I'm teaching at women's ministry tomorrow night--and preparing my lesson for that--and I've determined that I'm going to stick to a hefty writing schedule for my current work-in-progress. So here's a post from a few years back ...

Mocha came home two days ago. It's not that she ever really left, but before I heard and saw her scratching at the back window forty-eight hours ago, I knew her only as a hushed whisper that watched me from shadows and teased me from between the top row of hay bales. I'd sense she was up there and try to lure her out, but in the last two or three years, I've probably touched her only twice. She's old, and skittish, and much too independent for her own good.

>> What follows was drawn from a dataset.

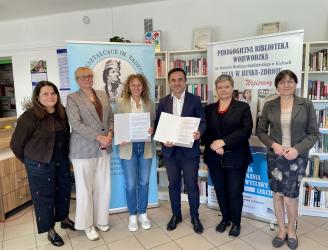 Nowe inicjatywy edukacyjne, kulturalne i czytelnicze czekają na uczniów I Liceum Ogólnokształcącego im. Tadeusza Kościuszki w Busku-Zdroju. Szkoła podpisała umowę o współpracy dydaktyczno-kulturalnej z Pedagogiczną Biblioteką Wojewódzką im. Gustawa Herlinga-Grudzińskiego w Kielcach.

But right now, she's napping under the love seat. I can see the bulk of her dark calico self peeking out from beneath the scalloped wicker edge; occasionally, I catch the flicker of her brown and orange tail.

We're anticipating the coldest days we've had in over a decade. In a few hours, winds from Canada are expected to swoop down and blanket this area with frigid, bone-numbing air. I have to wonder if Mocha--who will be fourteen in a few months--smelled the coming storm. I picture her lifting her head from atop her favored hay perch, wrinkling her black, triangular nose, and sniffing the breeze. I imagine her little quarter-pound brain scanning its files, pulling out a memory from ten or twelve years ago, and analyzing the remembrance with a growing sense of dread. Of her own choosing, she's always been an outdoor cat. Not long after we brought her home as a kitten, and three-year old Zac welcomed her with an exuberant cuddle and rub-down in the recliner ("Mama--she name is Mocha"), the cat searched for the nearest exit and skedaddled.

But she's here now.

Wise creatures scan the skies and smell the breeze and scrutinize signs. They take stock of their position, and when they determine that something ominous is on the move, they drop their weighty independence and seek shelter. They go to where they'll be welcomed, and stroked, and loved--where a bigger someone is waiting to offer bowls of warm milk with egg, and safety from the storm.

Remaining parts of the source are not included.